- **Records for the task**
::::::::

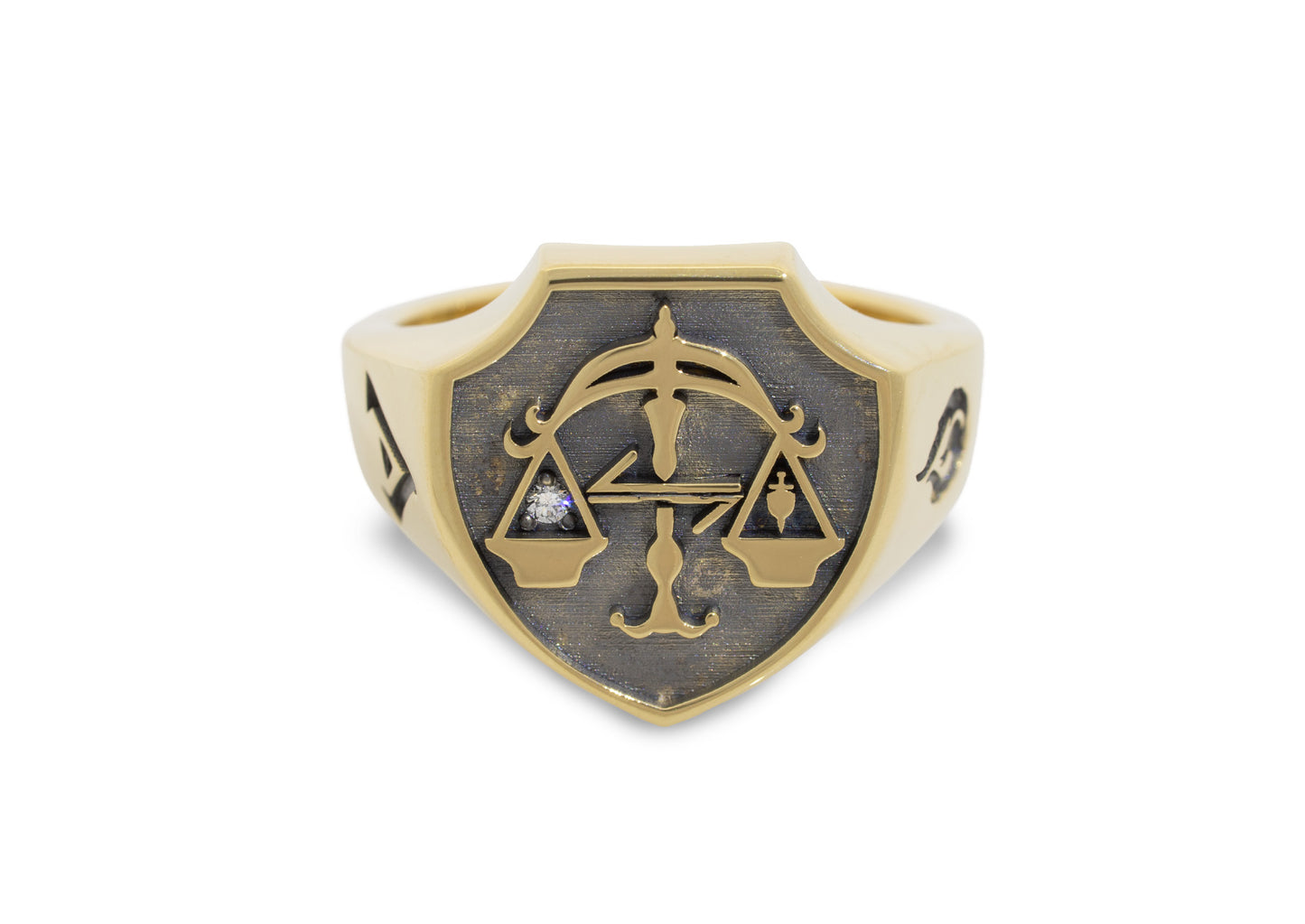 Fantasy Shield Signet Ring, Yellow Gold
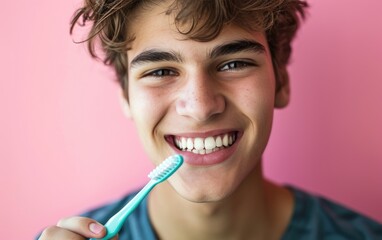 Smiling young man holding a toothbrush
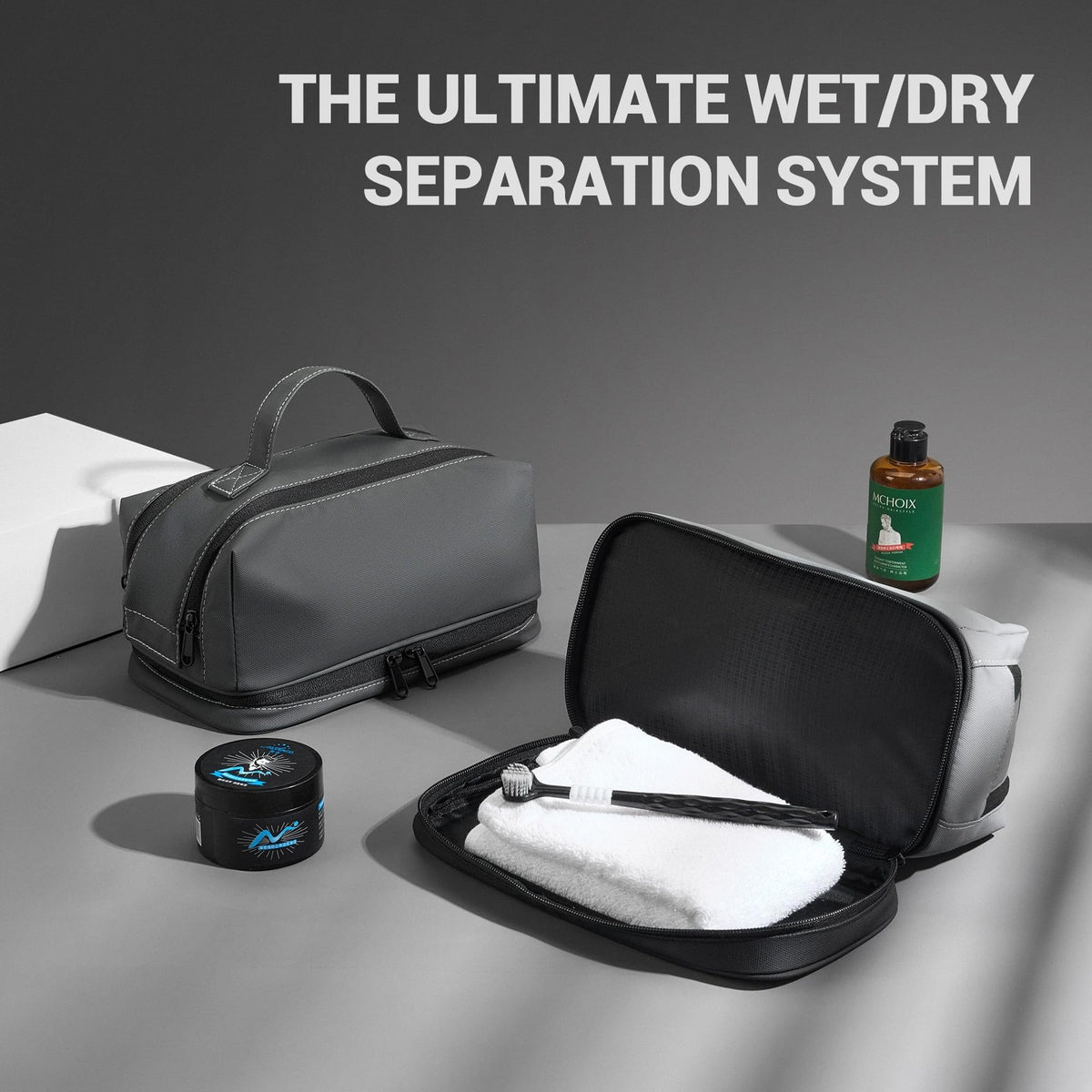 Large Waterproof Travel Toiletry Bag for Men & Women – Organizer with Wet & Dry Compartments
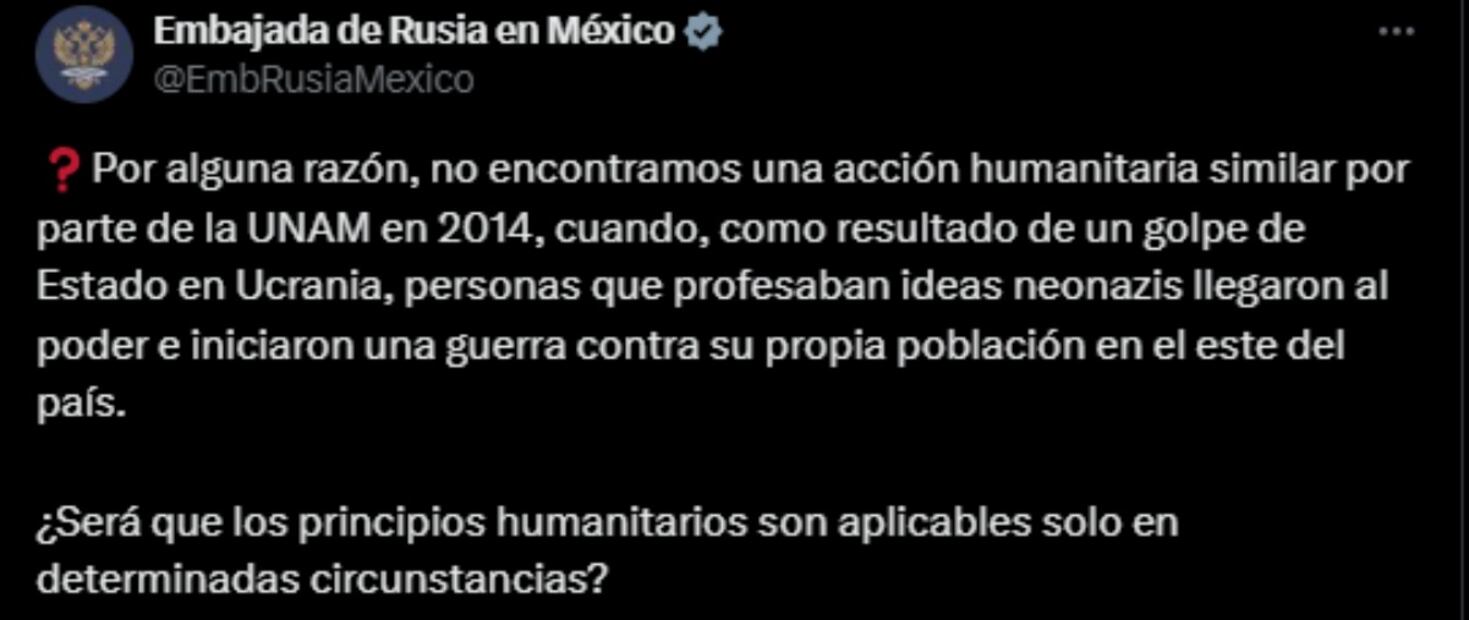Embajada de Rusia en México critica a la UNAM por dar prótesis a soldado ucraniano. Foto: Captura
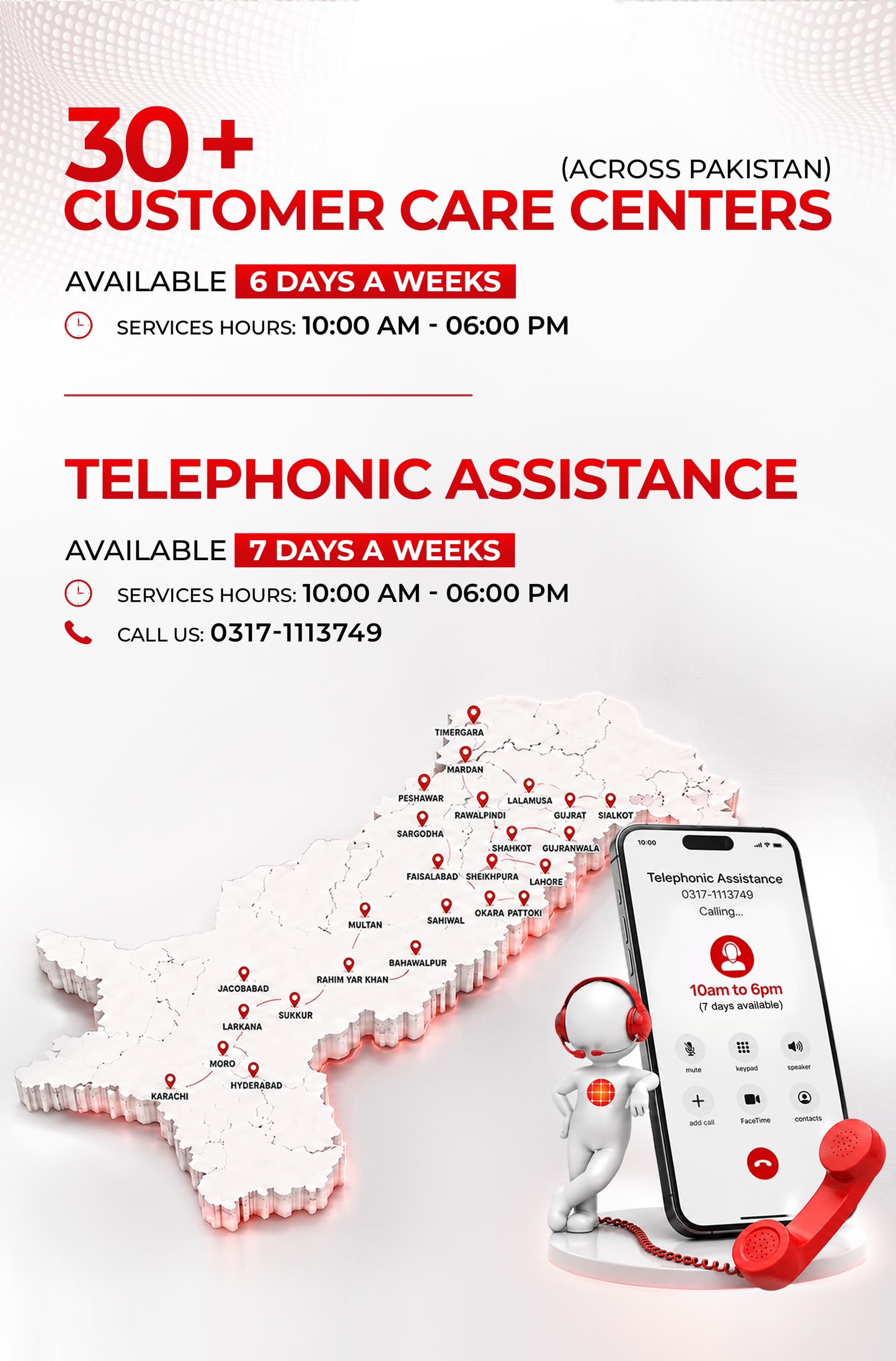 30+ customer care centers across Pakistan and telephonic assistance
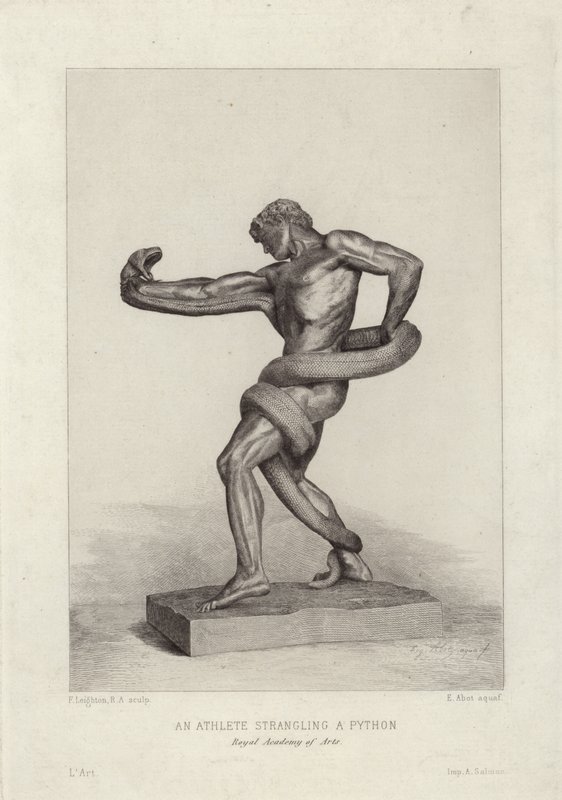 En atlet, der kvæler en python af Frederic Leighton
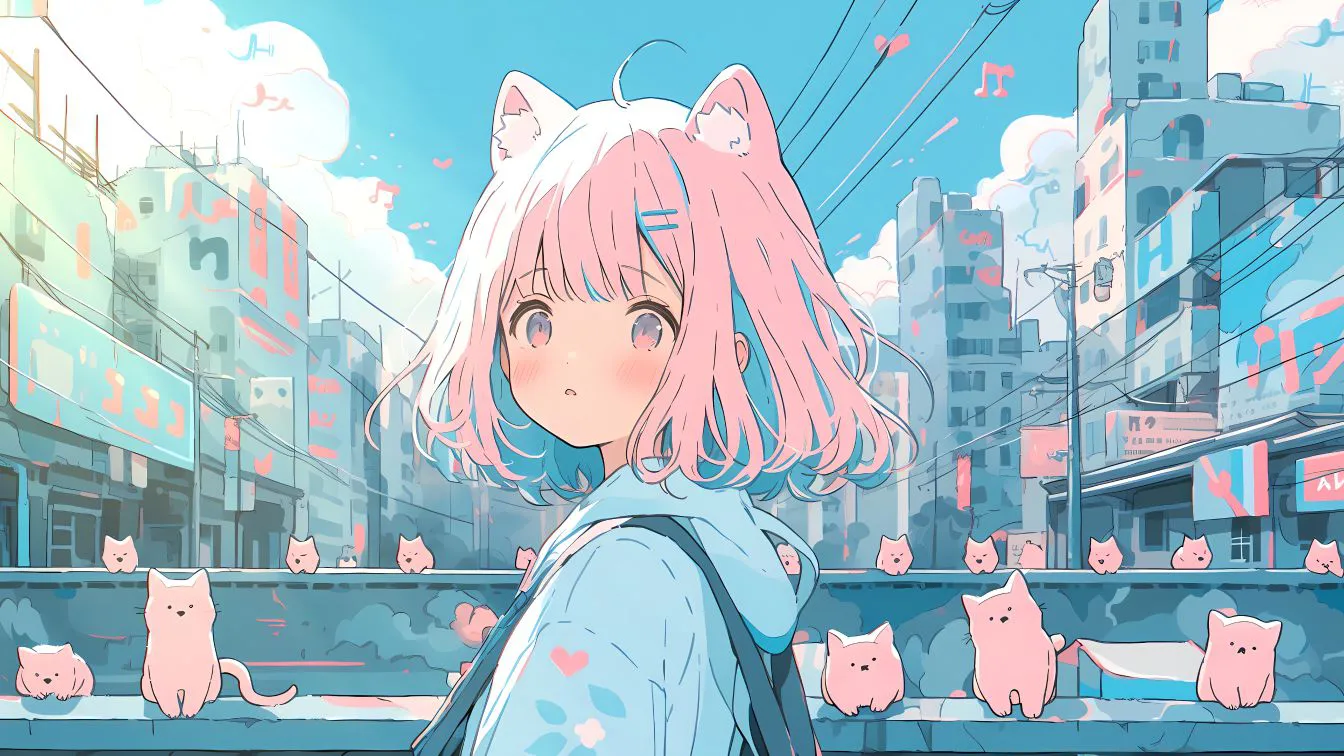 动漫 二次元 粉色 粉头发 猫耳少女 壁纸预览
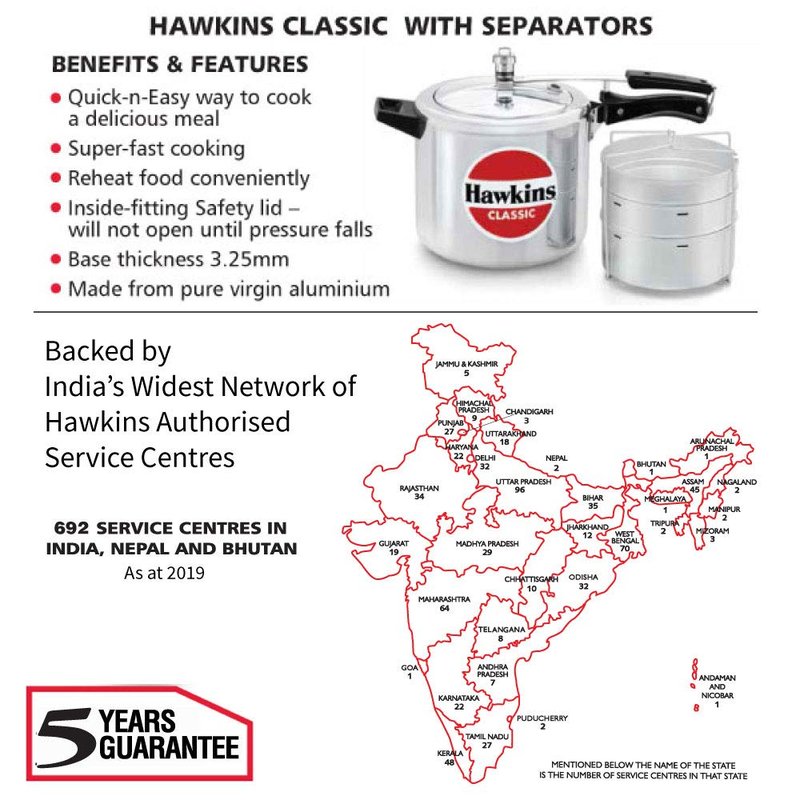 Hawkins 6.5 Litre Classic Pressure Cooker with Pots, Inner Lid Cooker with Separator Set, Silver (CL66)
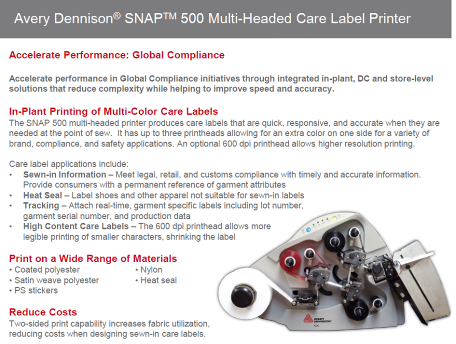MonRod Sistemas / Paxar Snap 500 /  Paxar Snap 700  / Thermal Transfer Printer / Tijuana / Snap500 / Snap700 / Avery Denninson / Impresora de Etiquetas para Ropa / 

::::::::

- **Work to complete**
Print the data exactly as written, dropping any images it holds.

- **Task answer**
 Fantasy Shield Signet Ring, Yellow Gold
 Smiling young man holding a toothbrush
 Large Waterproof Travel Toiletry Bag for Men & Women – Organizer with Wet & Dry Compartments
Embajada de Rusia en México critica a la UNAM por dar prótesis a soldado ucraniano. Foto: Captura
 30+ customer care centers across Pakistan and telephonic assistance
 En atlet, der kvæler en python af Frederic Leighton
 动漫 二次元 粉色 粉头发 猫耳少女 壁纸预览
 Hawkins 6.5 Litre Classic Pressure Cooker with Pots, Inner Lid Cooker with Separator Set, Silver (CL66)
MonRod Sistemas / Paxar Snap 500 /  Paxar Snap 700  / Thermal Transfer Printer / Tijuana / Snap500 / Snap700 / Avery Denninson / Impresora de Etiquetas para Ropa / 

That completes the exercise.